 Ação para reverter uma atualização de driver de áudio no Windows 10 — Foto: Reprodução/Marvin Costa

◆ ◆ ◆ ◆

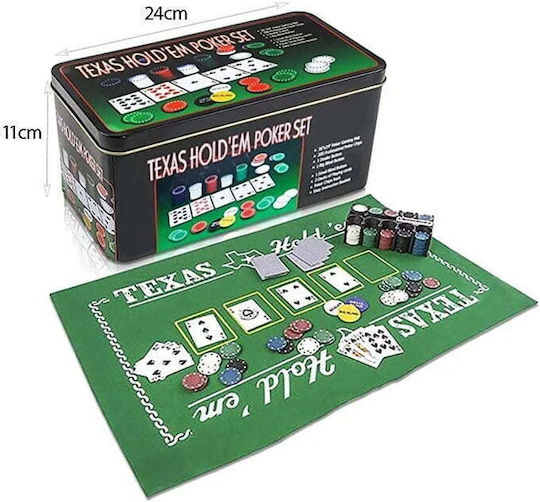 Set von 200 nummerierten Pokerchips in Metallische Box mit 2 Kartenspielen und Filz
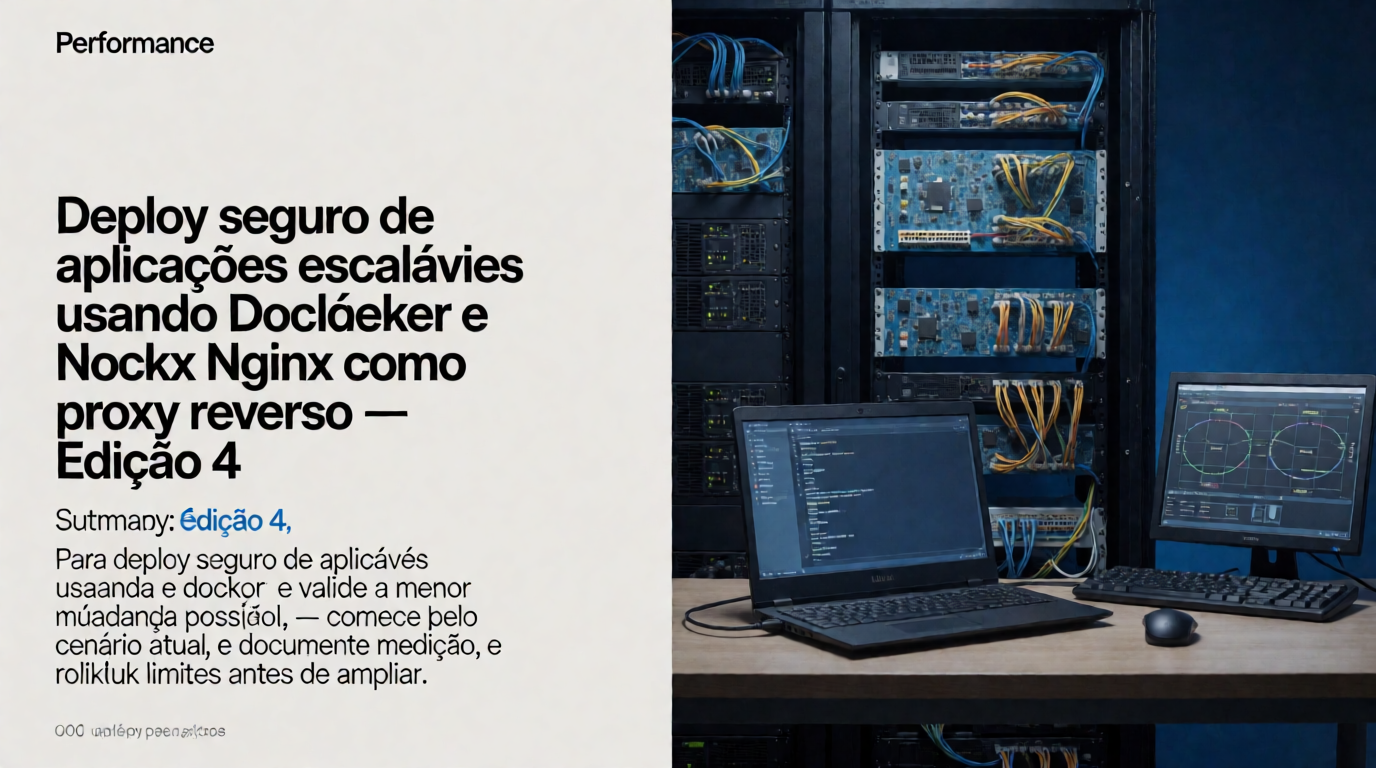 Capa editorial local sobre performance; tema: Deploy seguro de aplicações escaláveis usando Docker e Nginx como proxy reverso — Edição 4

◆ ◆ ◆ ◆

ABOUT THIS TASK — Given the listing above, retype only the span of lines from the line with "Set von 200" up to and including the line with "Capa editorial local", exactly as it stands and without pictures.

SOLUTION FOR THIS EXERCISE —
 Set von 200 nummerierten Pokerchips in Metallische Box mit 2 Kartenspielen und Filz
 Capa editorial local sobre performance; tema: Deploy seguro de aplicações escaláveis usando Docker e Nginx como proxy reverso — Edição 4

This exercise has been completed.